What is needed
Could you please return each line of the data that has the word "Home"?
(Information given Opens)
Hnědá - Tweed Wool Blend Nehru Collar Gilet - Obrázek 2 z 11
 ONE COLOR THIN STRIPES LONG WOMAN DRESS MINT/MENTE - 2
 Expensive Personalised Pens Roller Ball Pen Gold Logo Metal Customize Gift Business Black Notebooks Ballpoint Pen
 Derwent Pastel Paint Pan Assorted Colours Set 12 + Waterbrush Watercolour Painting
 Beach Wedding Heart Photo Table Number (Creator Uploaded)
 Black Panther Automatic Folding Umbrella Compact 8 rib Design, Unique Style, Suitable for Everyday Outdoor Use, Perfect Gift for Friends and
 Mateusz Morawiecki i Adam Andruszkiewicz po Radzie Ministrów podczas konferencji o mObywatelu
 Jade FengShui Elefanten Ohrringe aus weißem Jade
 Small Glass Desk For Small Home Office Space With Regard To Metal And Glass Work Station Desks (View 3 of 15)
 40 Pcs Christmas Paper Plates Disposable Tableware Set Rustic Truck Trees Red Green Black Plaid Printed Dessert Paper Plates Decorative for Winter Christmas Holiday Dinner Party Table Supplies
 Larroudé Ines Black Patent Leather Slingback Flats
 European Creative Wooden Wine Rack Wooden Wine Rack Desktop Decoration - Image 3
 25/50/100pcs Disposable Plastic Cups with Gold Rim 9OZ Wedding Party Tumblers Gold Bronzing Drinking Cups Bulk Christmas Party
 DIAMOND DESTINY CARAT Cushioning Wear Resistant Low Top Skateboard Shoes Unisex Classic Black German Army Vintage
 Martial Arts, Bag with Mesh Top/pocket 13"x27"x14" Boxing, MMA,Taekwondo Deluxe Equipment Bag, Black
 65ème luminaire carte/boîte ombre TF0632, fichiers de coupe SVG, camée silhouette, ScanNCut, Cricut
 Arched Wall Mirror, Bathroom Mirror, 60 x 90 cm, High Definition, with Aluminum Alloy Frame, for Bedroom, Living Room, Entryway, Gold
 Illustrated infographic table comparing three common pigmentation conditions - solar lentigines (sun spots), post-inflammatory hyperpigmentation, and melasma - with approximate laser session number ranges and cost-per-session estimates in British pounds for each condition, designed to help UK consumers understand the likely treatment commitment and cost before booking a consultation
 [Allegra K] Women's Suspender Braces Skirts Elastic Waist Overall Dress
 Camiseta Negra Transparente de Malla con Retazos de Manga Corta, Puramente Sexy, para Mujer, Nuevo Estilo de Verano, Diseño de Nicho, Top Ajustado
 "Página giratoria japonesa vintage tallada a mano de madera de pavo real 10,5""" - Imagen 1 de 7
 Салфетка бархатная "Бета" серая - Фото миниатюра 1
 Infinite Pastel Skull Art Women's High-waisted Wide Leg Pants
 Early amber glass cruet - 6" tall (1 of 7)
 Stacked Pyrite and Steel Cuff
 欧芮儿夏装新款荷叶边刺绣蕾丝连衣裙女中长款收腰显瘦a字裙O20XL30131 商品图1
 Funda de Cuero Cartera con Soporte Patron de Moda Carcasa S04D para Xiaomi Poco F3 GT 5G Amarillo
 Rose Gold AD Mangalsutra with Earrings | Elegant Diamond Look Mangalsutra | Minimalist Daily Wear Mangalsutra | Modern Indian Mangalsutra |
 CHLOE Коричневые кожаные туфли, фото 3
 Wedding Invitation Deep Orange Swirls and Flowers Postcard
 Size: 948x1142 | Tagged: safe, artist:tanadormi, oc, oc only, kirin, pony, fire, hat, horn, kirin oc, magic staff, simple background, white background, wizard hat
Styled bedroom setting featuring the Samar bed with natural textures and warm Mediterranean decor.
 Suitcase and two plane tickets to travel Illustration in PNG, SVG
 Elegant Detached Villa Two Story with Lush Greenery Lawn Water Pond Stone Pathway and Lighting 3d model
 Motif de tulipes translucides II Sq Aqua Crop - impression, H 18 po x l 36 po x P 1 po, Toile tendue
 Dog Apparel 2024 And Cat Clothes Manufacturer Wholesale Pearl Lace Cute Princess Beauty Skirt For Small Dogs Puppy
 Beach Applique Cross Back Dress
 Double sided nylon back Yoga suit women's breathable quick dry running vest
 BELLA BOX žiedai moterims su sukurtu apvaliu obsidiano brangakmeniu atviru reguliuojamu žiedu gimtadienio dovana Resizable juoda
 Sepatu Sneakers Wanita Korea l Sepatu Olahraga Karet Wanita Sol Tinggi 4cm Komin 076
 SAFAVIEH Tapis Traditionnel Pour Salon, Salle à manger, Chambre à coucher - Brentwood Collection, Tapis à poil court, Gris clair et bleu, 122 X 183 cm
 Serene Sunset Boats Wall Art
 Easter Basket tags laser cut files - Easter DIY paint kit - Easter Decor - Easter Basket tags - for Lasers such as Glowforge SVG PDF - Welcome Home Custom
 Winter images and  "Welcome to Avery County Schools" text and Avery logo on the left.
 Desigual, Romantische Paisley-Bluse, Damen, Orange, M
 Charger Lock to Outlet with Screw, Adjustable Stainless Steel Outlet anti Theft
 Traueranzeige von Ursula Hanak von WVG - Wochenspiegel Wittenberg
(Information given Closes)
Answer for this exercise
 Small Glass Desk For Small Home Office Space With Regard To Metal And Glass Work Station Desks (View 3 of 15)
 Easter Basket tags laser cut files - Easter DIY paint kit - Easter Decor - Easter Basket tags - for Lasers such as Glowforge SVG PDF - Welcome Home Custom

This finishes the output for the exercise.